First job
IT was hot and humid the day Jennifer applied for her first job - a typical Philadelphia summer day. Un-perturbed by the heat, she was her usual jovial self as I piled her into her stroller and started off for Cherry Street. Poor child, she had no way of knowing she was about to join the ranks of the workers of the city of Philadelphia! But her mother's eye had caught the ad in the Sunday paper that read: ``Wanted: Mother and 18-month-old baby to pose for sculptor.'' Jennifer was about three months under the prescribed age, but very precocious, and as I looked at her jowlsy, cherubic face I told myself that the sculptor wouldn't be able to resist her.
I was right. She walked off with the job easily. After we had climbed the long narrow flight of stairs to the enormous studio above a garage, she began to look about her with her usual amiable curiosity at the various pieces of sculpture of all sizes and types that crowded the studio. She waited unconcernedly and patiently while several baby girls were interviewed by a tall, stern-faced woman with straight white hair pulled back in a knot. It was indeed a pleasant surprise to find that the sculptor was a woman, and that she didn't refer to herself as a ``sculptress.''
When Jennifer's turn to be interviewed came, the sculptor was obviously impressed with her extreme but nonboisterous joyousness. Although the sculptor was a reticent and noncommittal woman, her pleasure showed in her face in spite of herself, and I knew before she told me that Jennifer had landed her first job.
The ensuing appointments were among the most enjoyable hours I have ever spent. I was a bit disappointed when I learned that I would not be a part of the proposed piece but was there only to control the baby. But I resigned myself to letting Jennifer be the star - though I knew I'd be doing most of the work.
Holding an active baby in my lap for 15-minute periods and trying to keep her in something resembling the desired pose for at least one minute at a time was a challenge, indeed, but it was an enjoyable one.
Watching the deft fingers of the sculptor shaping the clay while she dispassionately expounded her views on the state of modern sculpture was fascinating, and I came to greatly admire this woman's integrity and dedication to her art. She had made a successful career, and several of her pieces were to be found in Philadelphia's various parks.
Jennifer was in the process of learning to talk, and it was difficult to restrain her from suddenly pointing enthusiastically at the various figures she spied on the studio shelves and exclaiming, ``Horsie!'' or ``Lion!'' or ``Baby!'' To her, this was another of the inexplicable adventures of life, and she accepted it with total enthusiasm.
When people asked the inevitable question, ``How's the baby?'' my husband would reply, ``Fine! She's got a job now, and she's earning more per hour than her old man!'' They would soon guess, of course, that she was modeling, and also that her hours of work were fewer by far than his, but it was fun to see the initial reaction.
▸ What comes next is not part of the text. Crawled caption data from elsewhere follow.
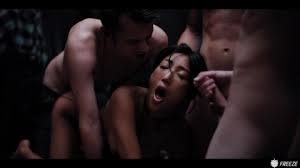 Brutal bondage asian gangbang jpg x Asian gangbang rough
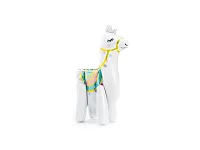 Foliový balonek Lama - 61 x 39 cm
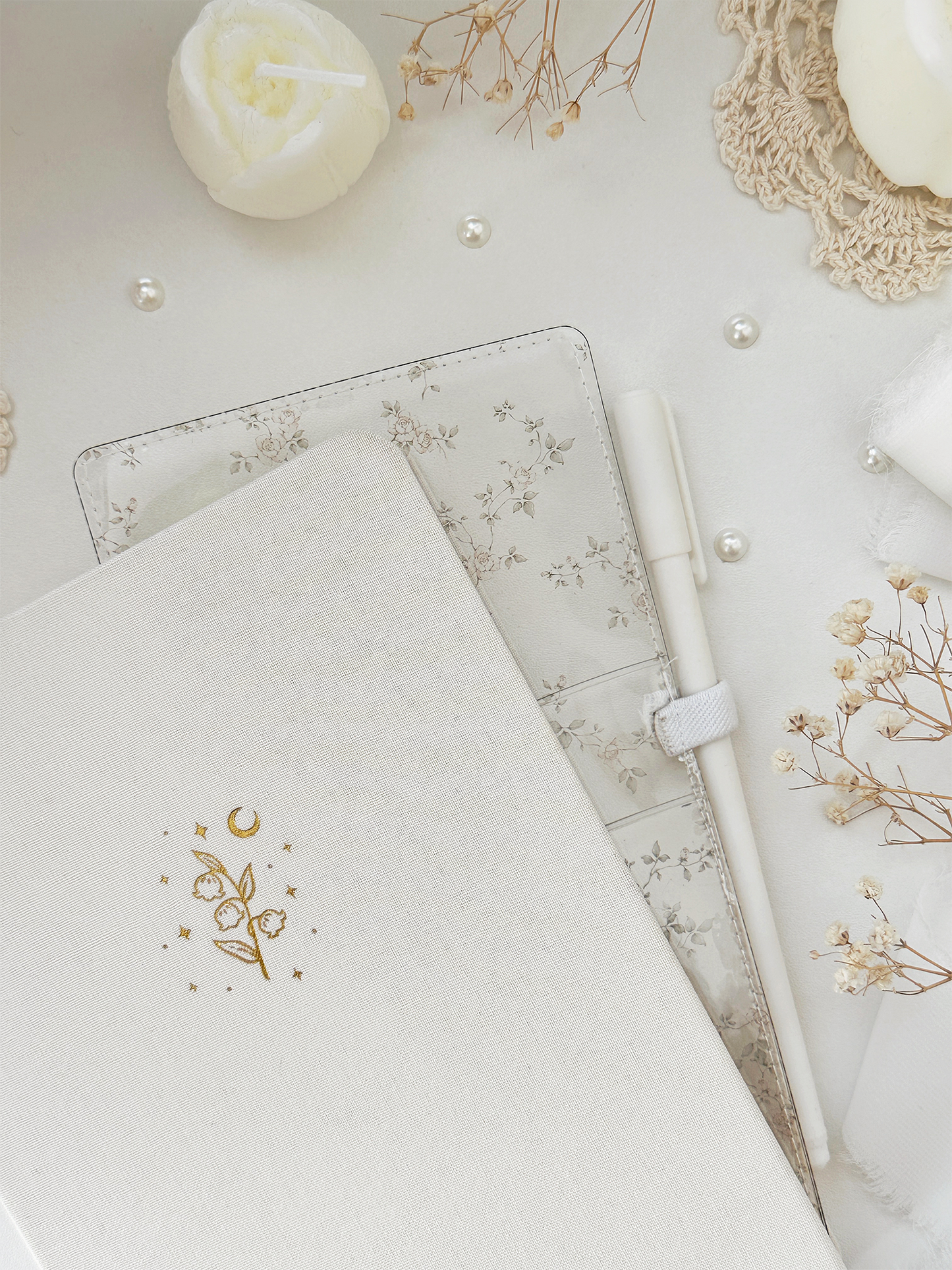 jelly pocket insert w/ pen loop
The job lasted well into the fall, when a fire had to be lit in an old stove to keep the model reasonably warm. By that time her vocabulary had grown to such an extent that the artist and I had to pretty much give up our attempts at conversation. She now called our sculptor-employer unceremoniously by her last name only: ``Fountain.''
When the work was completed, we were presented with a photograph of it. A jovial cupid sat perched on top of a large shell, making a lovely, old-fashioned birdbath for some pleasant garden. I treasure this photo as a memento of my daughter's first working days.
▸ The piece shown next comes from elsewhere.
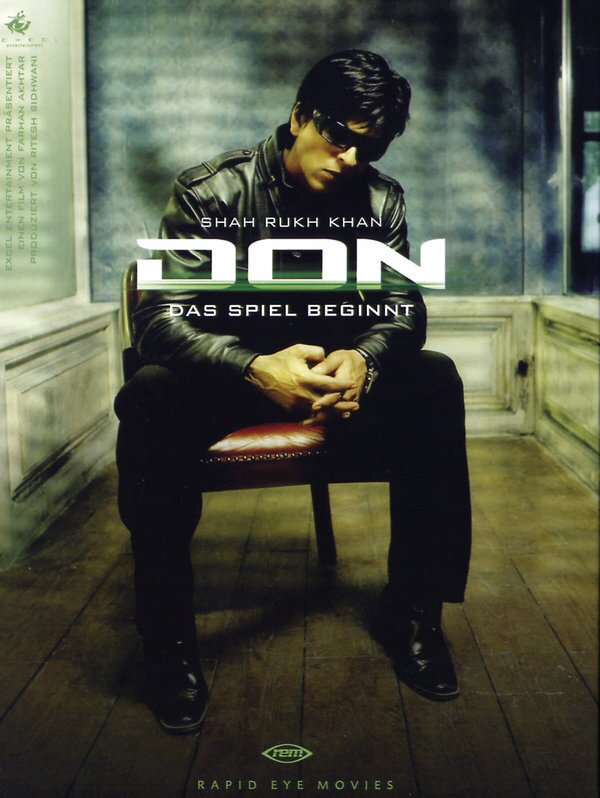Don - Das Spiel beginnt (2006) 2 DVDs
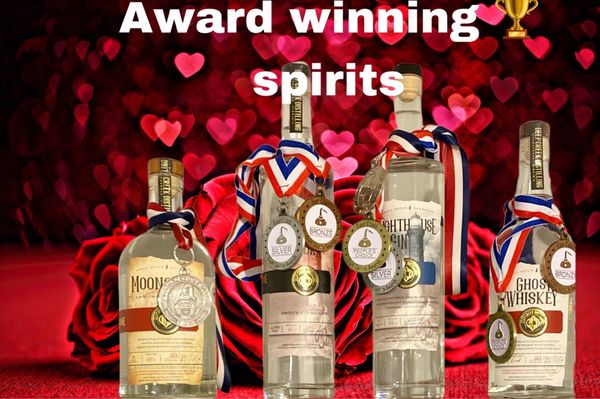 Deep Creek Distilling by null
When she was 3, I took her to try out for a job as a photographer's model, but she was highly suspicious of the whole business and in her good-natured way failed completely to cooperate. She never modeled again until her early 20s, when for a time she modeled shoes. Her life then flowed in other directions. But to have one's first working experience at such an early age in the high-ceilinged, sunlit loft of a sculptor was a good start.